Stored data entries:
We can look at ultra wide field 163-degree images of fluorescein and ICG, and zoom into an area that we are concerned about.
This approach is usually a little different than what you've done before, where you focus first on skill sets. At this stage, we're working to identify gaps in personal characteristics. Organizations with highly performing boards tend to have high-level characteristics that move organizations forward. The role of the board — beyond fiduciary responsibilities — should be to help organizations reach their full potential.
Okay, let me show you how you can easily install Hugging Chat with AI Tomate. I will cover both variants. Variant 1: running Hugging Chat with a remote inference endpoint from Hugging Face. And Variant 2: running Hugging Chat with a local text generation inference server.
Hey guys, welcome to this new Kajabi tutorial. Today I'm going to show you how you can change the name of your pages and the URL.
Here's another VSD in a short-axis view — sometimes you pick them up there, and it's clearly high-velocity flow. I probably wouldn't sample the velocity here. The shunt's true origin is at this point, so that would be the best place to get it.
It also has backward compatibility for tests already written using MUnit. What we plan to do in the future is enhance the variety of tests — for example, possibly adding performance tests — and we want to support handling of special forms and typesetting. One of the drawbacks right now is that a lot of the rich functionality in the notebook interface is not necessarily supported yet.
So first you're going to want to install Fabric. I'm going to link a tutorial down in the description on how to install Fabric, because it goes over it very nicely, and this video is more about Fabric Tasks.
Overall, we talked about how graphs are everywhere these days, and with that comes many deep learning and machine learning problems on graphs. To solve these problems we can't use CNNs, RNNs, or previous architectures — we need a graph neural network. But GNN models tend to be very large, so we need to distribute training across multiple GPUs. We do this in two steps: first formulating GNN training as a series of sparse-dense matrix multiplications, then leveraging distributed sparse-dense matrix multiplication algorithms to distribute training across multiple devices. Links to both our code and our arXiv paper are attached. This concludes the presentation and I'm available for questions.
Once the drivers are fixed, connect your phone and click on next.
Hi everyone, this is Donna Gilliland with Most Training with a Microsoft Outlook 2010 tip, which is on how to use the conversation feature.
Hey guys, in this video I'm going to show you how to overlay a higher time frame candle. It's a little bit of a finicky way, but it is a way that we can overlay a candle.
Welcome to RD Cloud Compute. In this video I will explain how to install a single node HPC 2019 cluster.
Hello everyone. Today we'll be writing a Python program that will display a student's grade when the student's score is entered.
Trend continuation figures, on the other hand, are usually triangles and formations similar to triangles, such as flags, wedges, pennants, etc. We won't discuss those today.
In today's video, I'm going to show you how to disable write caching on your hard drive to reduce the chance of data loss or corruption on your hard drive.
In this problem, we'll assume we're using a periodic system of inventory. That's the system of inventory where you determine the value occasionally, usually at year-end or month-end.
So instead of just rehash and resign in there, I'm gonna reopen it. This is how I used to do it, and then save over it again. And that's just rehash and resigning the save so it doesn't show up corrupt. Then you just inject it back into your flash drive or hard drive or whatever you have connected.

* **EXERCISE BRIEF**
Repeat all of the data exactly. Include every line.

* **SOLUTION FOR THIS PROBLEM**
We can look at ultra wide field 163-degree images of fluorescein and ICG, and zoom into an area that we are concerned about.
This approach is usually a little different than what you've done before, where you focus first on skill sets. At this stage, we're working to identify gaps in personal characteristics. Organizations with highly performing boards tend to have high-level characteristics that move organizations forward. The role of the board — beyond fiduciary responsibilities — should be to help organizations reach their full potential.
Okay, let me show you how you can easily install Hugging Chat with AI Tomate. I will cover both variants. Variant 1: running Hugging Chat with a remote inference endpoint from Hugging Face. And Variant 2: running Hugging Chat with a local text generation inference server.
Hey guys, welcome to this new Kajabi tutorial. Today I'm going to show you how you can change the name of your pages and the URL.
Here's another VSD in a short-axis view — sometimes you pick them up there, and it's clearly high-velocity flow. I probably wouldn't sample the velocity here. The shunt's true origin is at this point, so that would be the best place to get it.
It also has backward compatibility for tests already written using MUnit. What we plan to do in the future is enhance the variety of tests — for example, possibly adding performance tests — and we want to support handling of special forms and typesetting. One of the drawbacks right now is that a lot of the rich functionality in the notebook interface is not necessarily supported yet.
So first you're going to want to install Fabric. I'm going to link a tutorial down in the description on how to install Fabric, because it goes over it very nicely, and this video is more about Fabric Tasks.
Overall, we talked about how graphs are everywhere these days, and with that comes many deep learning and machine learning problems on graphs. To solve these problems we can't use CNNs, RNNs, or previous architectures — we need a graph neural network. But GNN models tend to be very large, so we need to distribute training across multiple GPUs. We do this in two steps: first formulating GNN training as a series of sparse-dense matrix multiplications, then leveraging distributed sparse-dense matrix multiplication algorithms to distribute training across multiple devices. Links to both our code and our arXiv paper are attached. This concludes the presentation and I'm available for questions.
Once the drivers are fixed, connect your phone and click on next.
Hi everyone, this is Donna Gilliland with Most Training with a Microsoft Outlook 2010 tip, which is on how to use the conversation feature.
Hey guys, in this video I'm going to show you how to overlay a higher time frame candle. It's a little bit of a finicky way, but it is a way that we can overlay a candle.
Welcome to RD Cloud Compute. In this video I will explain how to install a single node HPC 2019 cluster.
Hello everyone. Today we'll be writing a Python program that will display a student's grade when the student's score is entered.
Trend continuation figures, on the other hand, are usually triangles and formations similar to triangles, such as flags, wedges, pennants, etc. We won't discuss those today.
In today's video, I'm going to show you how to disable write caching on your hard drive to reduce the chance of data loss or corruption on your hard drive.
In this problem, we'll assume we're using a periodic system of inventory. That's the system of inventory where you determine the value occasionally, usually at year-end or month-end.
So instead of just rehash and resign in there, I'm gonna reopen it. This is how I used to do it, and then save over it again. And that's just rehash and resigning the save so it doesn't show up corrupt. Then you just inject it back into your flash drive or hard drive or whatever you have connected.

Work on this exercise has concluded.